---------- Supplied material
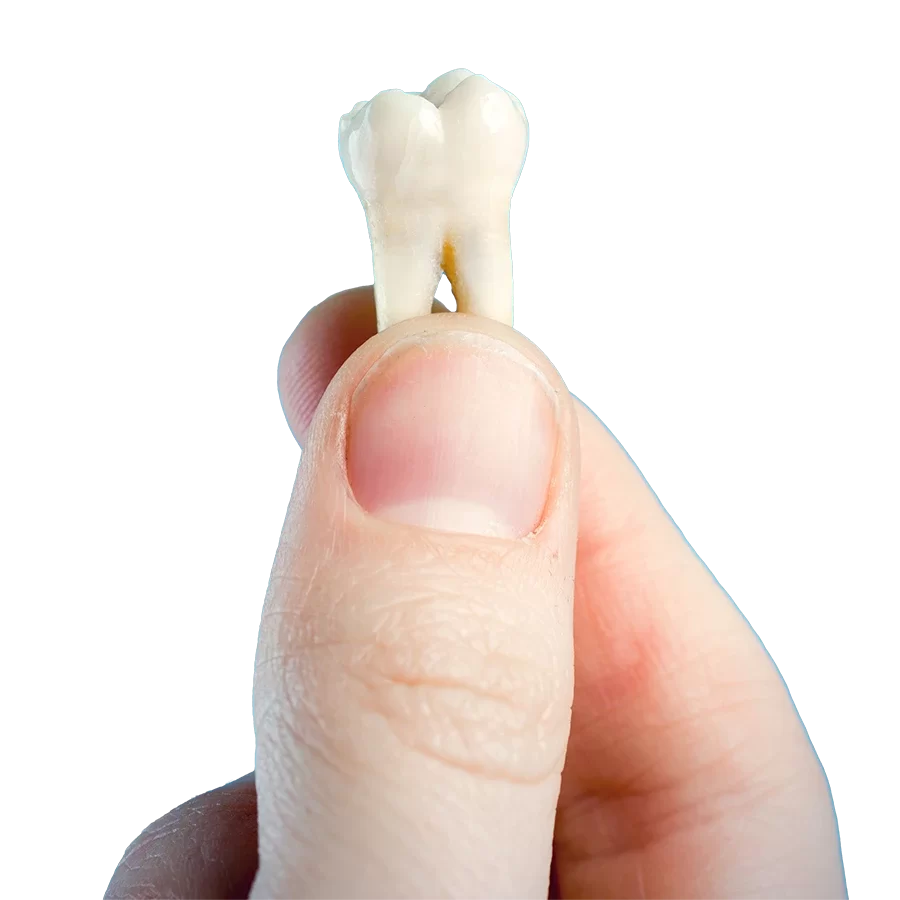 Wisdom Teeth Removal Leslieville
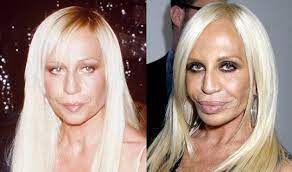 The media also said that because of her bad appearance, her career becomes downward. The Worst Celeb Plastic Surgeries Of All Time Rantlifestyle Bad Celebrity Plastic Surgery Celebrity Plastic Surgery Plastic Surgery Gone Wrong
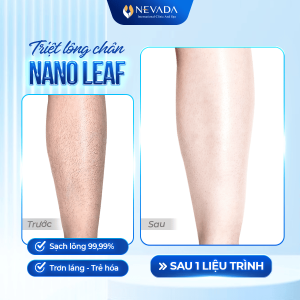 triet-long-nano-leaf-4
--------------------
§ **Try it**:
When copying, output the data exactly and leave out the pictures.

§ **Answer box**:
 Wisdom Teeth Removal Leslieville
 The media also said that because of her bad appearance, her career becomes downward. The Worst Celeb Plastic Surgeries Of All Time Rantlifestyle Bad Celebrity Plastic Surgery Celebrity Plastic Surgery Plastic Surgery Gone Wrong
 triet-long-nano-leaf-4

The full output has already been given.